On never knowing who might be looking

Sophie Calle, The Hotel, Room 47, 1981

When I think about Venice the artist who comes to mind first is Sophie Calle; two of her most intriguing projects – Suite Vénetienne and The Hotel – were made there. Both bodies of work fascinate me but it’s The Hotel that makes me feel the most uneasy. I’m pretty sure no-one’s ever likely to stalk me to make art, which is the basis of Suite Vénetienne,  but it seems entirely possible that a curious chambermaid might go through my stuff, albeit probably not with quite the same determination as Calle. Making up hotel rooms must be pretty boring work, why wouldn’t you amuse yourself by looking through whatever’s left on show?

So the basis of the work: in 1981 Sophie Calle took a job in a Venice hotel. She worked as a chambermaid for three weeks and in that time documented the way she found the rooms each day recording – photographically and in writing – how the occupants had left the rooms and the contents of their luggage.

The Hotel, Room 43

So far, so stalky. What makes the work so extraordinary is Calle’s obsessiveness. She is thorough. Very thorough. Just not in the way one would normally hope from someone in that job. The photographs of the rooms made ready for guests and of the way she found them when going in to clean them – and rifle through the occupants’ belongings – are fascinating in the way that looking through other people’s stuff generally is (it’s just that politeness dictates that we normally limit ourselves to glancing at the shelves of people we visit to see what books they read, what films they watch or what music they listen to).
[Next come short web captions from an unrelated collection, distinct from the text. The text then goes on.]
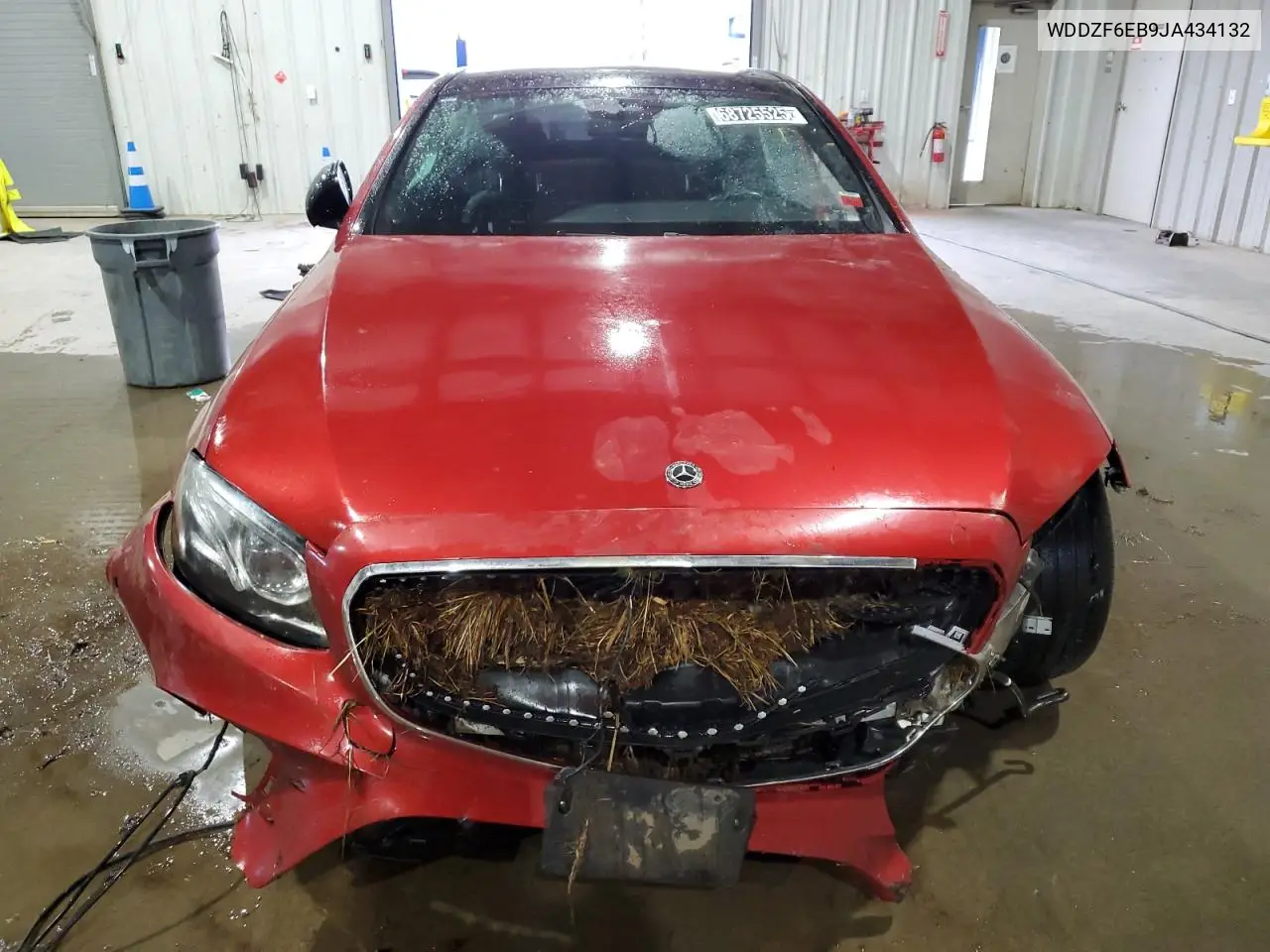 WDDZF6EB9JA434132 2018 Mercedes-Benz E 43 4Matic Amg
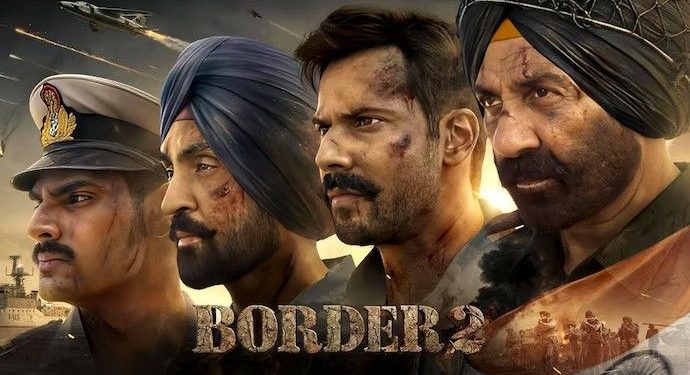 মুক্তির ১৩তম দিনেও বক্স অফিস কাঁপিয়ে দিয়েছে ‘বর্ডার ২’ 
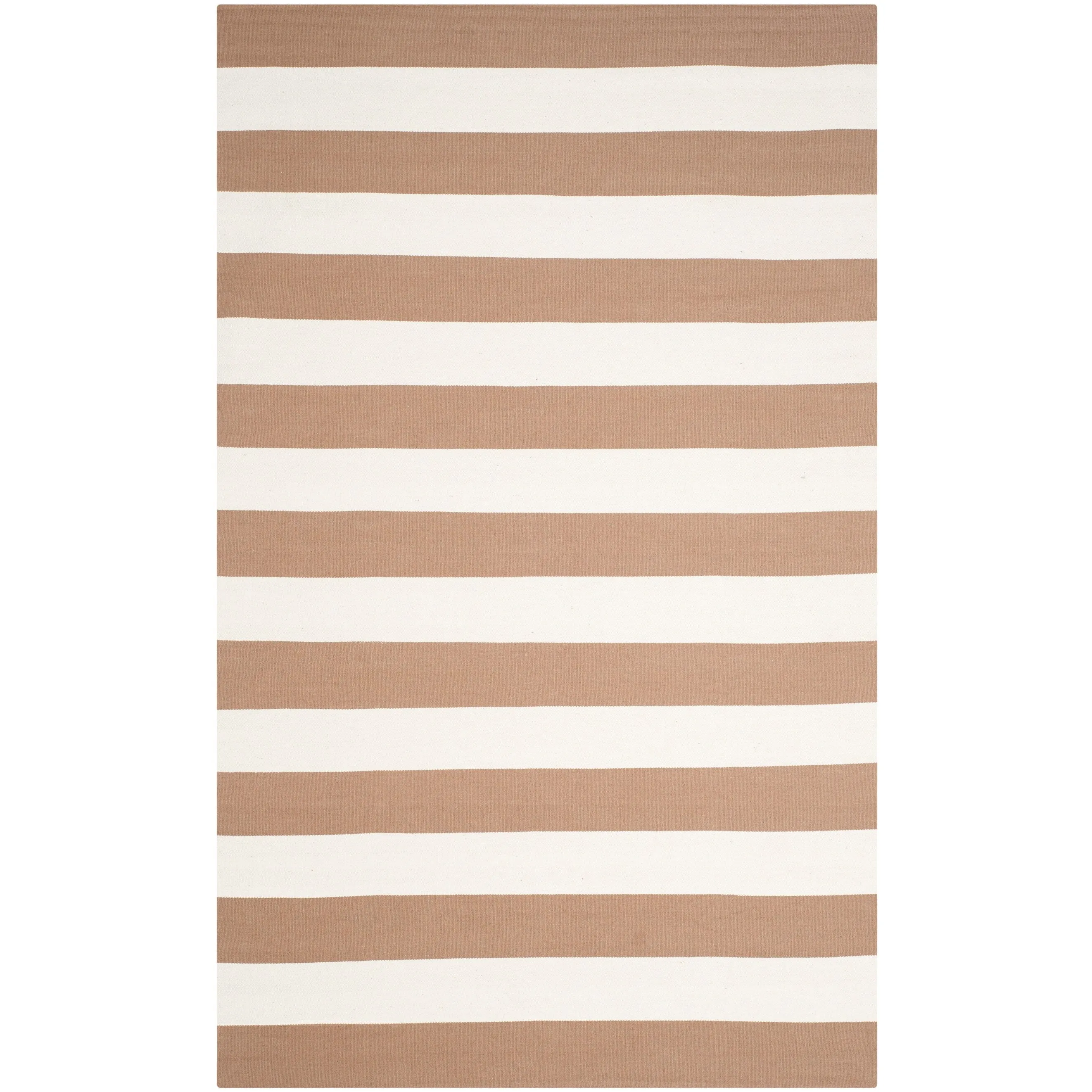 SAFAVIEH Handmade Montauk Geltrude Stripe Cotton Flatweave Rug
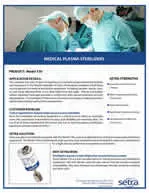 Medical Plasma Sterilisers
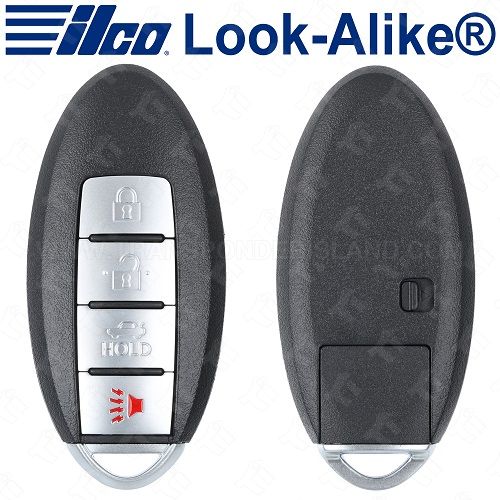 [TIK-ILC-162] Ilco Nissan Smart Key 4B Trunk - Replaces KR5S180144014 - PRX-NIS-4B2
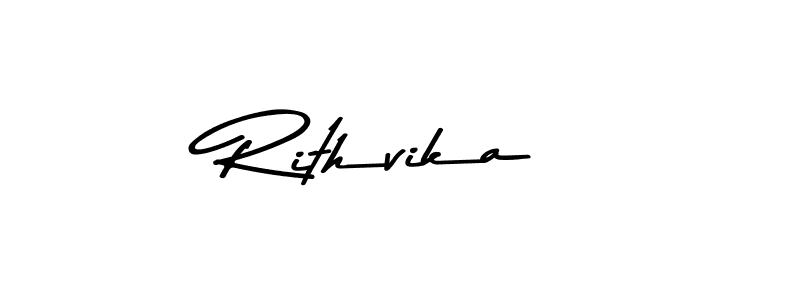 Similarly Asem Kandis PERSONAL USE is the best handwritten signature design. Signature creator online .You can use it as an online autograph creator for name Rithvika. Rithvika signature style 9 images and pictures png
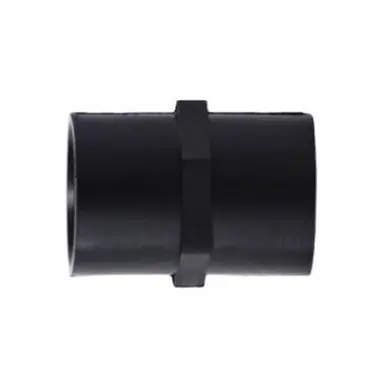 Midland Industries 28803P - Coupling, 1/4" FPT x 1/4" FPT, Polypropylene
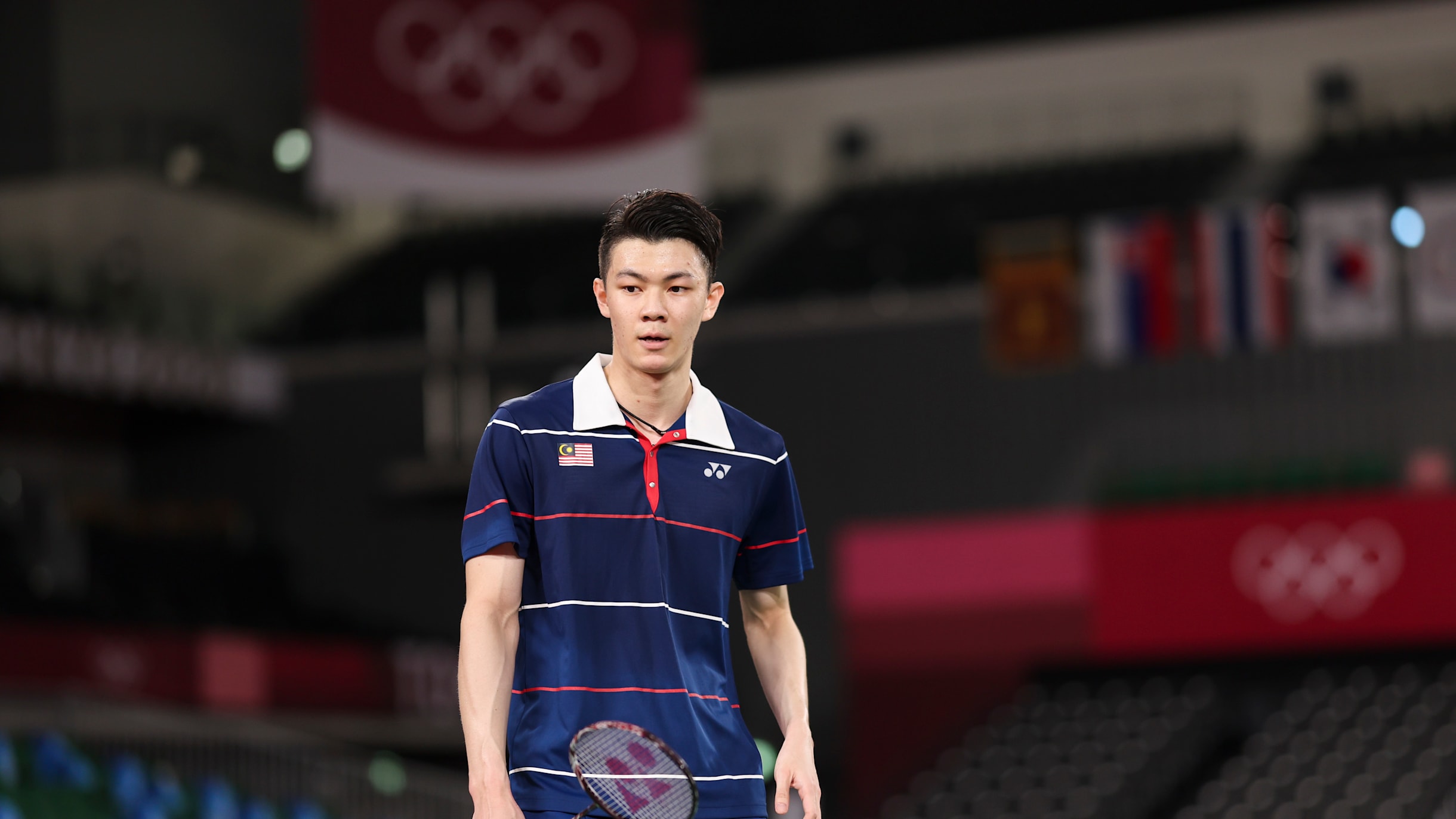 VICTOR公式限定Lee Zii Jia選手モデル マレーシア代表 選手支給 Malaysia's Lee Zii Jia quits national badminton team and gains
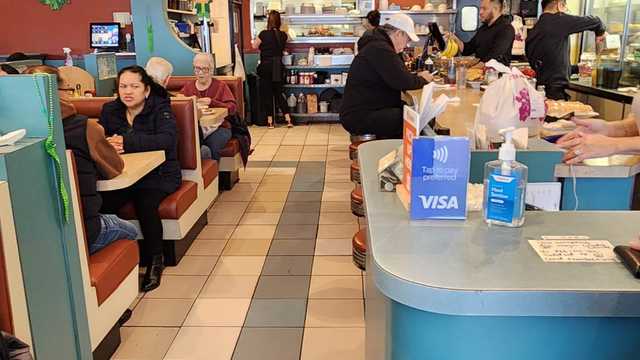 Cashier and Waiter / Waitress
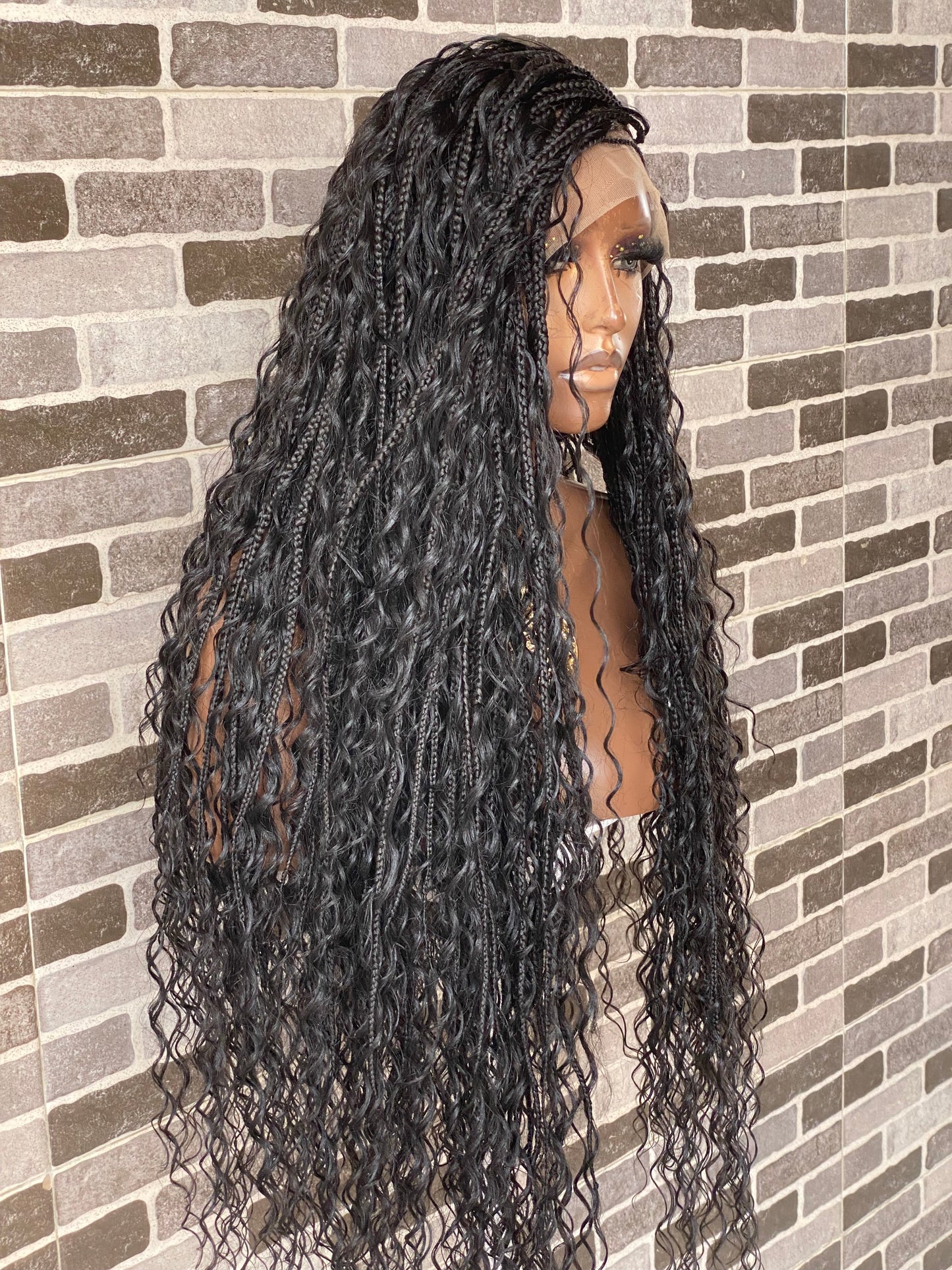 KNOTLESS BOHEMIAN FULL LACE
Here we get to see quite how other people behave and it’s not pretty. Calle’s text, which accompanies the photographs suggests a forensically systematic approach: she has read postcards and diaries left out, opened suitcases, recorded the contents of the bin etc and made detailed not in everything she’s found.

In many ways, as with most of Calle’s work, The Hotel says more about the artist than it does about the unwitting subjects. But for all the same reasons that I love the work, I’d hate to see it in a gallery and recognise myself. Indeed it’s entirely possible I’m a tidier hotel guest just for knowing this work exists.